Nor is it easy to make the case that poetry is more unpopular today than it has been in most of history. There have been periods when poetry was genuinely popular—a significant number of people in nineteenth-century England bought Tennyson’s books—but such ages are the exception. In absolute terms, far more people are professionally involved with poetry today—as writers or MFA students or English majors—than in the golden age of Wyatt and Surrey, when manuscripts were passed hand to hand among a small circle of courtiers. Indeed, the problem today might be that poetry has too many stakeholders—that it has lost the agility and ruthlessness that it possessed when it truly was a coterie art. A coterie at least has the advantage of definite taste and genuine intimacy. When Ezra Pound helped to make modernism, it was because he convinced 20 other poets to follow his lead.
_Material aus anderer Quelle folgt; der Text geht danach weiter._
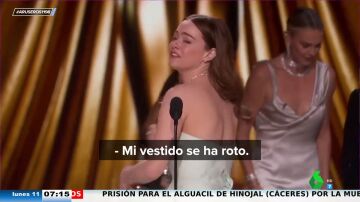 Emma Stone culpa de su vestido roto en los Oscar 2024 a Ryan Gosling: "Sucedió durante 'I'm just Ken'"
Maybe the watchword of the future, then, should not be more accessibility and more popularity—the average book of poetry is, in fact, paralyzingly accessible, wearing its heart and its language on its sleeve—but rather, back to the coterie. Let the best poets find each other, read each other, and promote each other, as the best poets have always done. Let them ignore both the demands of the public and the demands of the poetry world, and write as they feel compelled to write. That is the only way to produce work that, in a hundred years, the Paxmans of the future will consider classic, and use to shame the poor poets of their time. / The new republic

  • Dana Gioia sagt: Lyrik muß wieder relevant werden
  • Franzobel sagt: Lyrik soll wieder reimen
  • Kuno sagt: Lyrik muß wie meine oder Weigonis werden

So tobt die Schlacht.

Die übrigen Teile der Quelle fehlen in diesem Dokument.